たとえば、私たちはつい「クマが出た」と口にしてしまう。しかし、もともと山の住人であるクマは「出た」わけではない、我が物顔にふるまう新参者に「見つかっちゃった」だけだ。そもそも闖入者は彼らではなく私たちヒトだ。脅かすことも脅かされることもないよう、慎み深く常に彼らの習性を学ばなくてはいけない。
虫かご調達!
「虫かご買いたいんだけど、白馬駅にあるかな?」という姪からのLINEに、私は「あるとしたら駅周辺でなくスーパーのA-COOPだろう。しかしまだ梅雨も明けていないし、本格的な季節を迎えるのはこれからで、昆虫はいるにしてもまだまだ小さいぞ」と返信していた。しばらくしてから、そこに「虫かご調達!」とメッセージが重ねられる。長野駅周辺の100円ショップで、虫取り網ともども見つけたのだそうだ。さあ、そろそろ我らが可愛いおサルさんもやってくる。腰を上げて玄関先の蚊取り線香に火を灯そうとすると、さも当たり前な様子でそこに土イナゴが佇んでいた。どうやら山は、幼な子に充分な「虫取り体験」を準備してくれているようだ。
虫取りマン圓蔵、突如としてあらわる
昨年の七夕で短冊に「カミキリムシになりたい」と願ったメロン坊や、この1年で「ヒト科」としての自覚も育ったようで、今年は「カミキリムシをつかまえる」と書いてもらうようせがんだそうだ。散種荘の庭にカミキリムシが飛来することは滅多にないが、バッタやイナゴ、キリギリスの類ならそこいら中で日々に生まれ成長し飛び跳ね我が世の夏を謳歌している。網を振り回し奮闘するメロン坊やが帽子に「オニヤンマ君」をつけている。昆虫界最強の捕食者 オニヤンマを模したカカシもどきの虫除けグッズで、これがあるところアブや蚊などが怖れて近寄らないとされている。効果のほどについてはいまだ見解が分かれたままだ。
「バッタをつかまえた」と欣喜雀躍するメロン坊や、父親に「虫取り名人だねぇ」と称えられご満悦である。アニメかなんかで憶えたのだろうか、「ここにホタルがいるよ!」と本当に蛍を見つけたりするから驚く。捕獲された昆虫たちは小さな虫かごに収まり、ほとぼりが冷めたころにまた解放される。つまりキャッチ・アンド・リリースというわけで、うちの庭は「釣り堀」よろしく「虫取り原っぱ」として機能する。日頃から草を刈り、「プロムナード」整備に精を出したつれあいの労苦が実を結ぶ。

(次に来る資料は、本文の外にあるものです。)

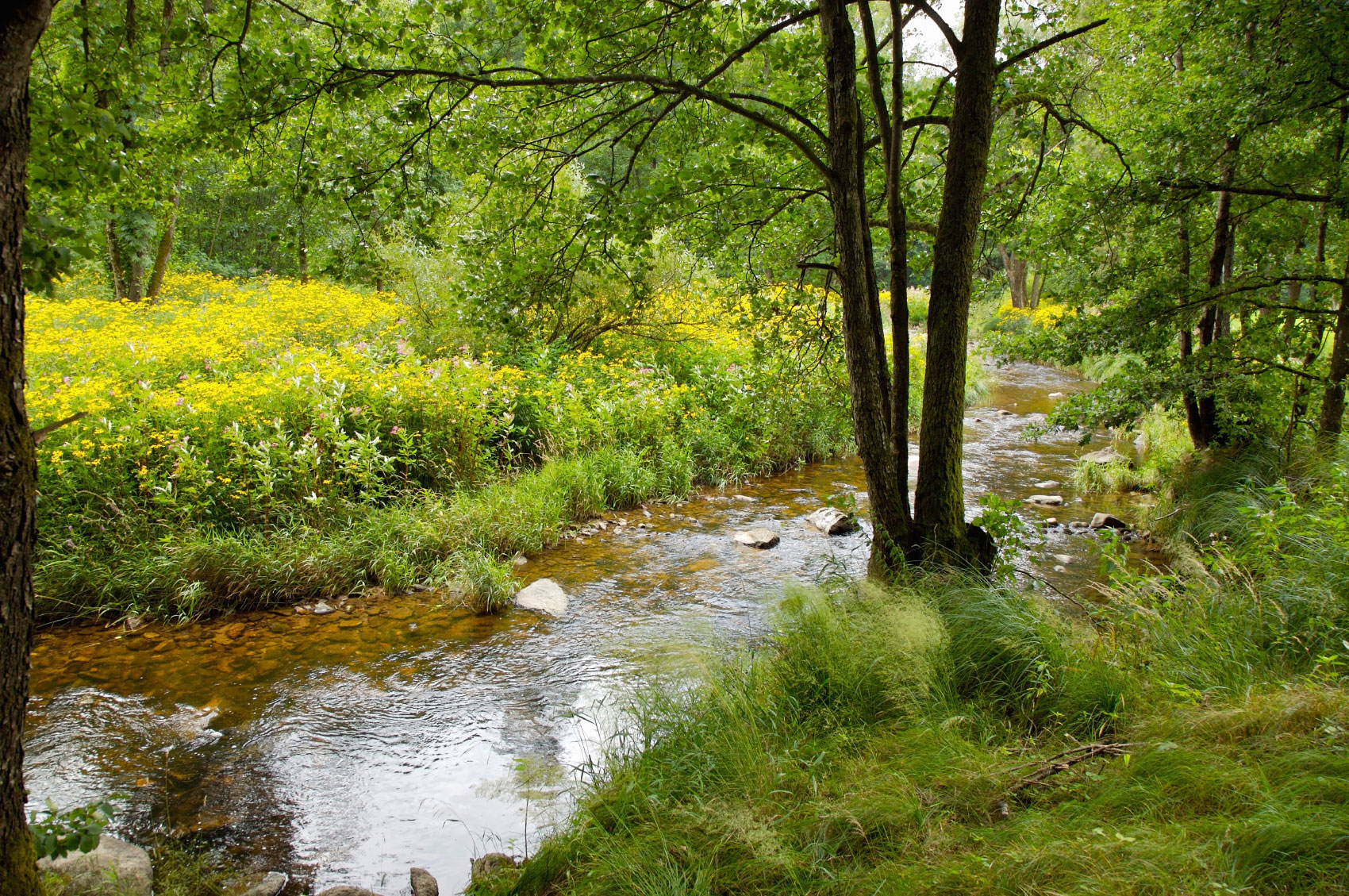 Речка ш. Природа ручей. Ручей летом. Ручей в лесу. Маленькая речушка в лесу.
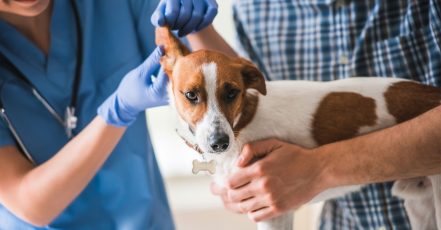 Ensure Your Pets Health With Annual Vaccination For Cat Or Dog! Dubai TMLH.com Special Offers, Deals & Discounts in Turkey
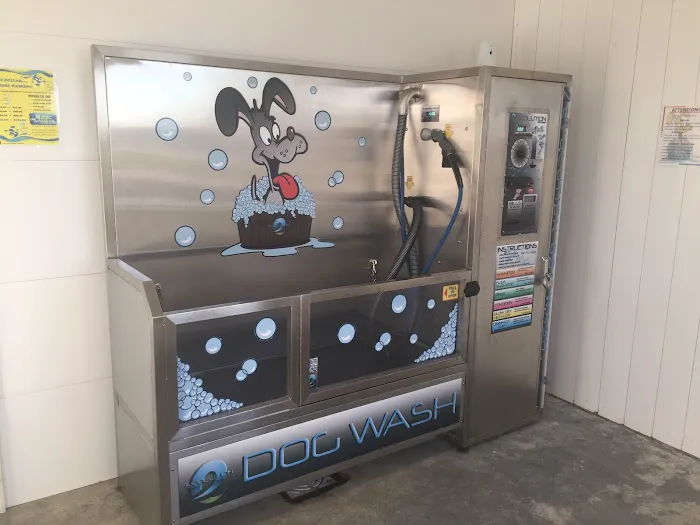 Magic Car and Pet Wash -Kingdom City Picture 3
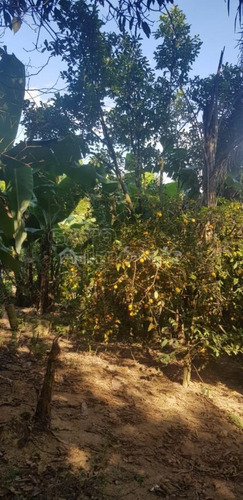 Imagem 15 de 15 de Chácara Para Venda Em Cajamar, Ponunduva, 3 Dormitórios, 1 Suíte, 2 Banheiros - 21474_1-1923961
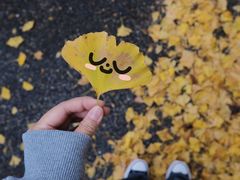 -辽东学院(南校区)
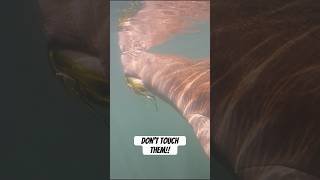 This is why you shouldn’t touch manatees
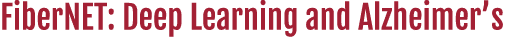 FiberNET: Deep Learning and Alzheimer s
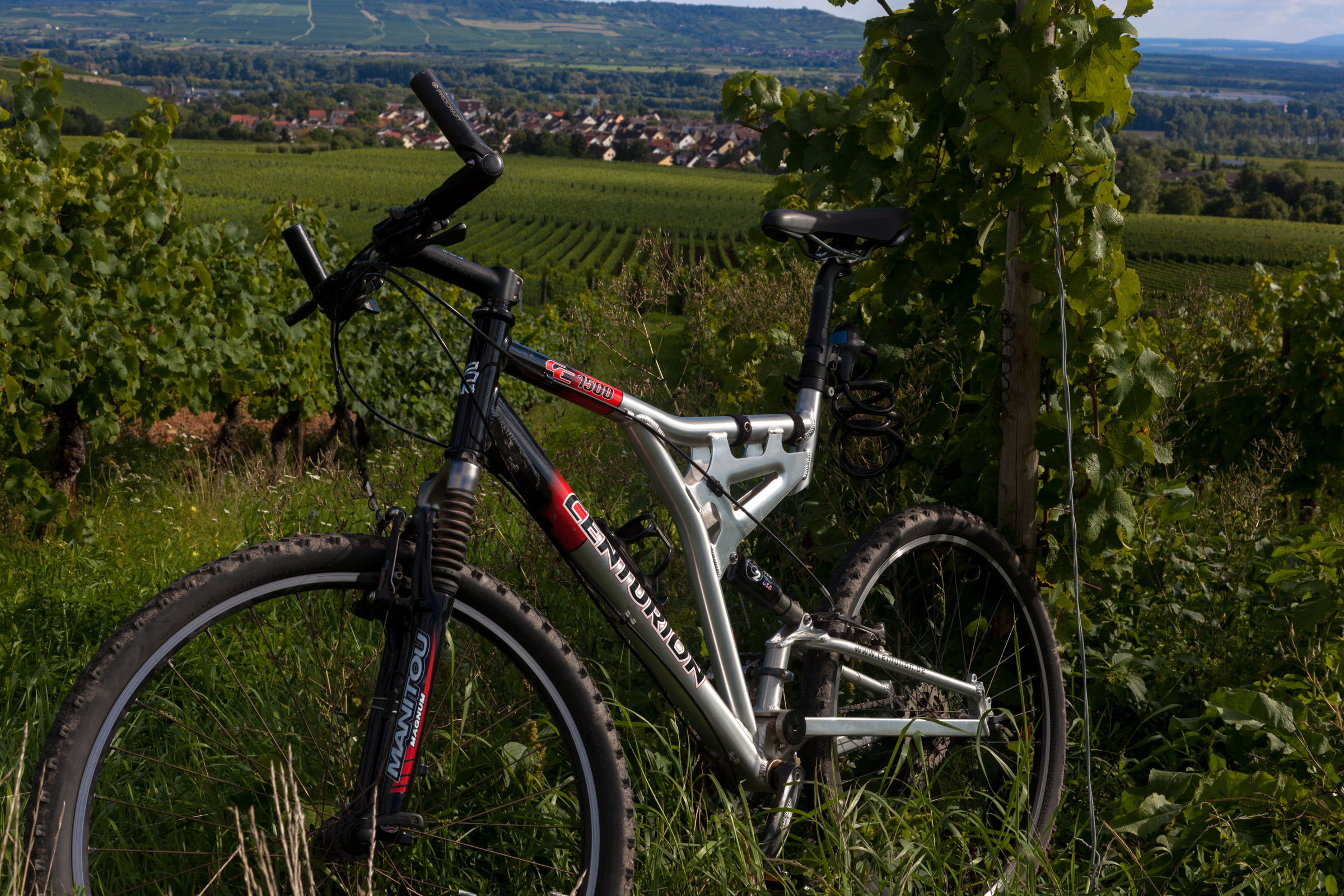 Rheingau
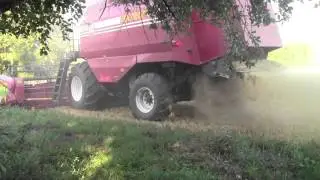 Палессе gs12.MTS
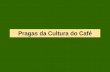 Pragas da Cultura do Café - Unesp · 2016-07-18 · do cafeeiro com o uso do ovipositor -Ninfas penetram no solo (20 a 50 cm) -Fixam-se nas raízes, onde sugam a seiva -A fase ninfal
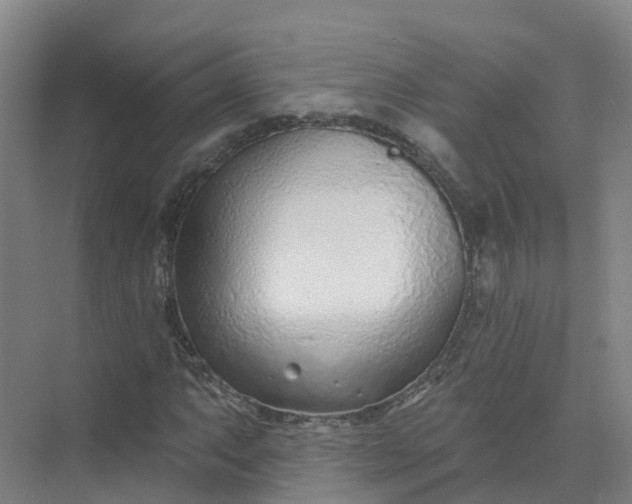 X0000074941063200609151959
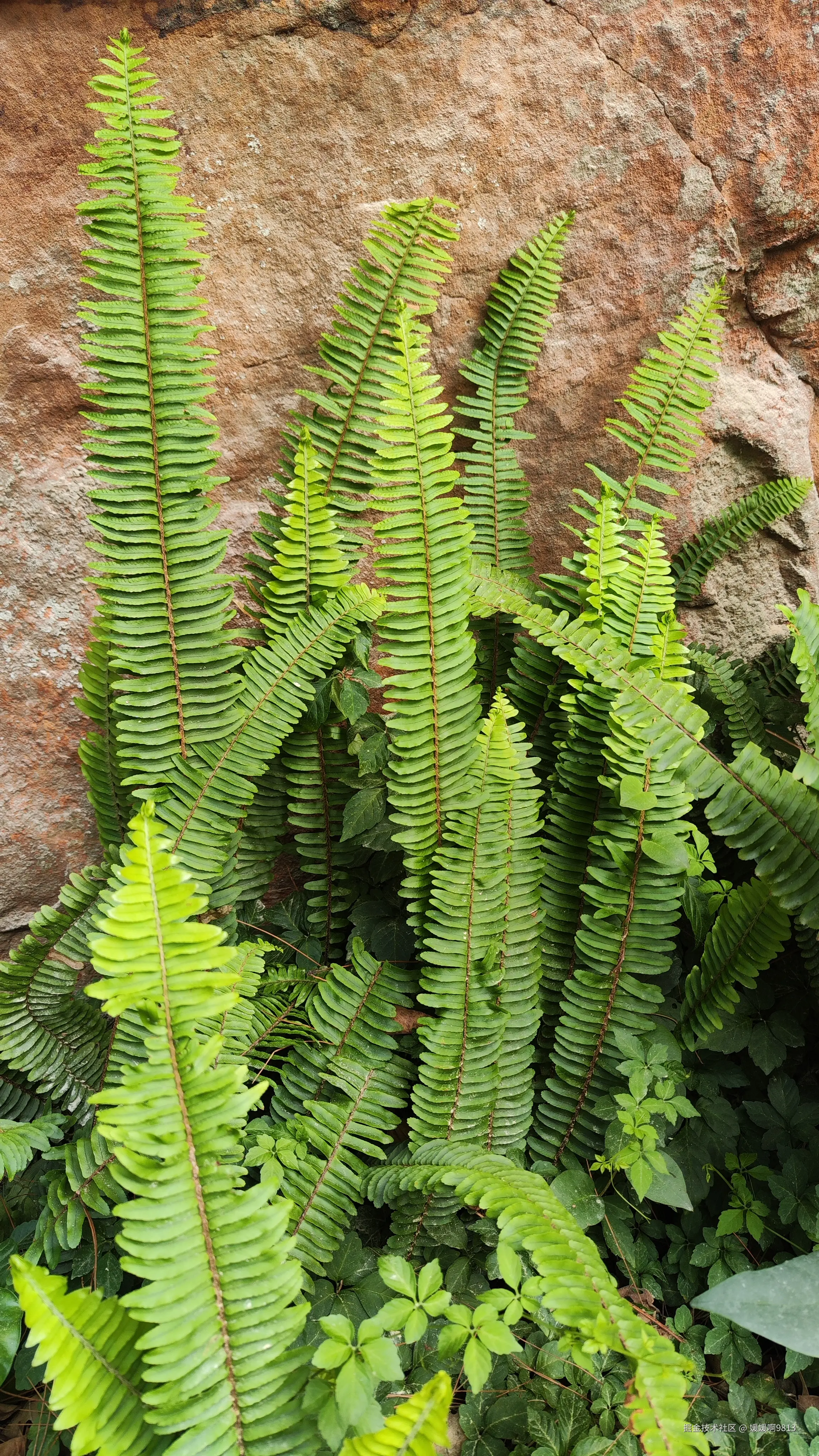 媛媛啊9813于2025-05-08 06:30发布的图片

忍者すごろくにつきあわされたり、長野駅で買ってもらった「大ピンチずかん」という絵本を並んで開いたり、それ相応いろいろと遊びはしたが、今滞在中のメロン坊や最大の関心事はなにより虫取りである。2日目になって姪の地方都市県立女子高時代の友だち二人が訪ねてきてからも、母親の古くからの友だちたちを「ねえ、お庭でいっしょに虫取りしよう!」と誘い出す。あれは大人たちが話に夢中になりなかなか腰を上げない朝食後のことだったか。業を煮やした彼は、身振り大きく網を振り回し「虫取りヒーロー」への変身を宣言した。突如として眼前に現れ、声高らかに名乗るは「虫取りマン圓蔵!」。一体全体どんな由来で「圓蔵」なのか、はたしてこうも渋い「圓蔵」が3歳と10ヶ月にしかならない幼な子のどこから躍り出てきたのか、「えんぞう」に「圓蔵」の字を充てたのは私であるが、それは歌舞伎役者か落語家の名跡に類するものなのか…、誇らしげに「圓蔵」になりきる彼を前にして、私たちは口あんぐりと驚き「やはりこいつは天才だ…」と笑い転げたのであった。
Yo La Tengo の「 Green Arrow」
「来週、Fuji Rockに行きます。ええ、3日間です。1日目のYo La Tengoが楽しみなんですよねぇ」炭で焼いたシシャモをハフハフと食べながら、姪の友だちがそう語る。彼女たちがそろって大学に進学し、上京してきたのは2009年のこと。配信が主だった手段になるのはまだまだ先とはいえ、ipodの普及で音楽を聴く方法が劇的に変わりつつある頃合いだった。興味があっても親元を離れたばかりの小娘にCDをあれこれ買い求める余裕なぞないから、私は姪のパソコンに、うちの膨大なミュージックデータをそっくりそのまま移植してやった。友だちたちは姪の部屋に遊びに来て、自分のipodにせっせとそこからまたデータを落としたのだそうだ。大袈裟に言わせてもらえば、この子たちの音楽観は私の「プレイリスト」を基にしながら形成されたのである。
私は答える。「私たち夫婦がFuji Rockに行くことはもうなかろうが、Yo La Tengoいいよな。『I Can Hear the Heart Beating as One』ってアルバムに『Green Arrow』という曲が入っていて、夏にここで聴くとたまんないんだ」世代をまたがって「カルチャー的な嗜好および志向と思考」がシンクロしたことを実感するとき、私はなんとも嬉しい心持ちを噛み締める。それが隠居の醍醐味と言っても差し支えない。ああ、もうすぐ隠居の身。幼な子を寝かしつけた後、私たちは『Green Arrow』をターンテーブルに載せた。